Internet Edge: Traffic Steering Part 1

This is the 10^th blog in an Internet Edge series.

Links to prior blogs in the series:

Internet Edge:Simple Sites
Internet Edge:Fitting in SD-WAN
Internet Edge:Things to Not Do (Part 1)
Internet Edge: Things to Not Do (Part 2)
Internet Edge: Two Data Centers
Internet Edge: Double Don’t Do This
Internet Edge: Cloudy Internet Edge
Internet Edge: Special Cases and Maintainability
Internet Edge: Security Tool Insertion

This is the first of three blogs on the topic of Internet Edge traffic steering.

I am avoiding the term “traffic engineering” since engineering sounds precise. “Precision” is a word rarely used in conjunction with “Internet.” Let alone Internet traffic routing intent.

Instead, this blog is about how your Internet Edge routers might exert some control over which way selected inbound and outbound Internet traffic goes.

Starting Assumptions

Assumptions:

You have two or more Internet links, either on one router or on two routers (1 each)
If two sites are involved, you have the “outside the firewall crosslink” described in an earlier blog in this series (to make IBGP feasible and to keep things a lot simpler).
If you do not have the outer crosslink, any asymmetric paths will lead to firewall traversals and a rather complicated situation. That generally ties inbound to outbound traffic steering and leverages NAT to force symmetric paths.
You have a good reason to want to do traffic steering (or need more complexity since your life or your network is boring).

Reminder: in an earlier blog in this series, I advised against receiving a partial or full Internet table unless you have a good reason to. Traffic steering is one case where there might be a good reason to receive a partial feed, perhaps some or all prefixes from a given ISP (likely filtered inbound by AS number(s), if you want the ability to select parts of a full feed).

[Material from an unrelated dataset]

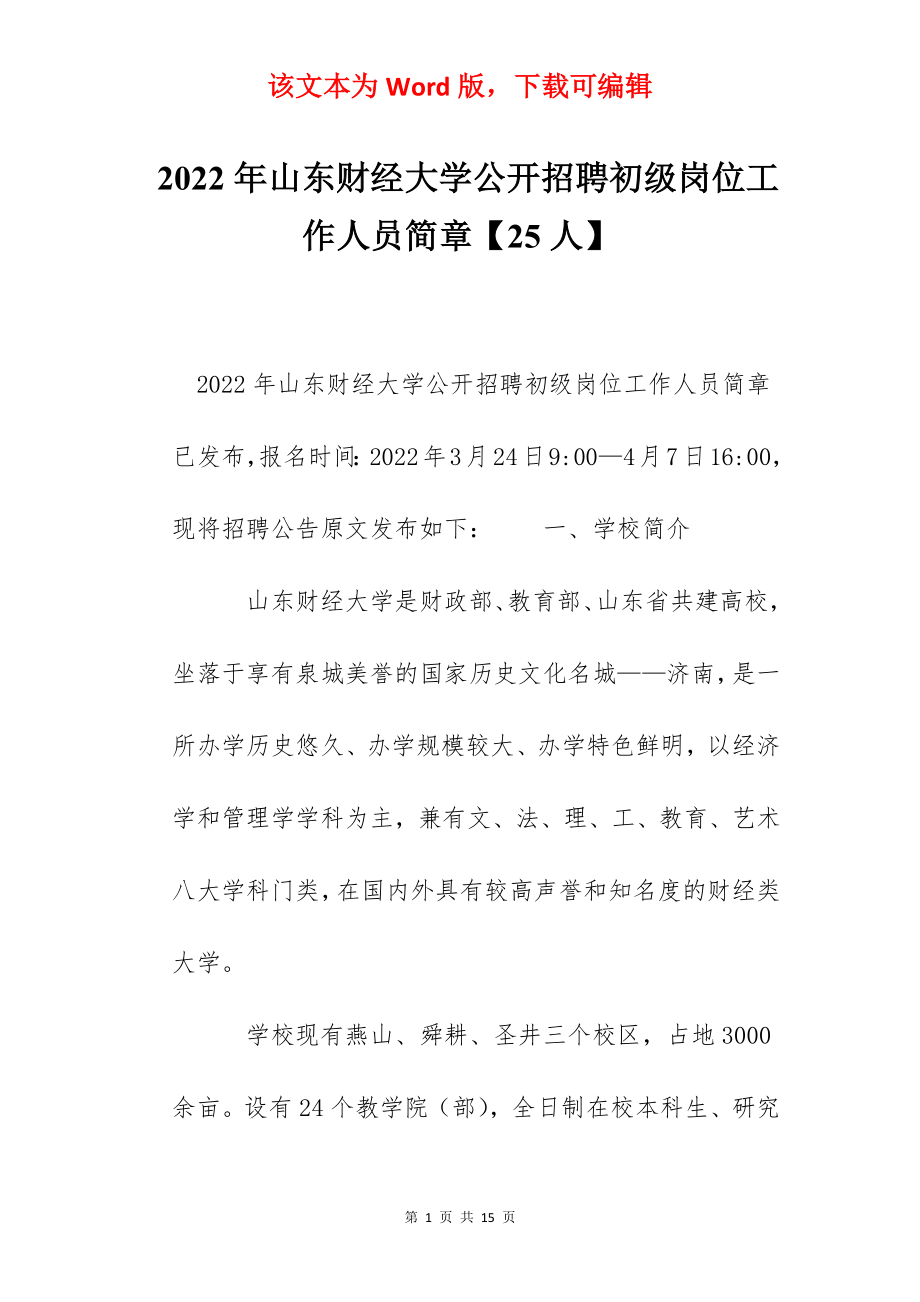 2022年山东财经大学公开招聘初级岗位工作人员简章【25人】.docx_第1页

“One hop prefixes,” i.e. those originated by the ISP, are one common partial feed. You can then choose which to allow in, and which to ignore, if you want finer tuning.

Why Do Traffic Steering?

Apropos of “you think you have a good reason to do traffic steering,” – let’s talk about that. There are good reasons and bad reasons. You’ll notice my list below says “managers” frequently.

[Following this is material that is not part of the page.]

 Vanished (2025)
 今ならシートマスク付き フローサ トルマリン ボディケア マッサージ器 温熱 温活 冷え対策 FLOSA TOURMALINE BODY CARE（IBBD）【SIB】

Let’s consider good reasons first. The most typical is that you have two (2) or more Internet links; one is fairly heavily used, the other(s) not used or lightly used unless the first one fails. “Fixing” that might be a good idea, or not. We’ll come back to this topic below.Another good reason is your organization offers some service, e.g. banking, and you want low latency and more robust connectivity to your customers. In that case, you might want to steer customer traffic to “eyeball ISPs” (those serving home/business users) rather than Tier 1 backbone providers. Using Tier 1 provider, the responses might transit more inter-ISP transit links, which could be congested. Going direct to the eyeball ISPs has less transit hops, plus there is less BGP in between to create routing instability or delayed convergence.Then we get to the less good reasons … This is where I sometimes feel I’ve provided more consulting value, talking people out of doing traffic steering or working through alternatives to end up with something much simpler that does what is really needed.

Best words ever: “What problem are you trying to solve?”

(Of course, to be followed up on by asking about constraints.)

Case 1

One consideration is managers and the number of Internet links. I’ve been at several sites where there were two Internet links, and as soon as congestion or some issue occurred, the manager wanted more links.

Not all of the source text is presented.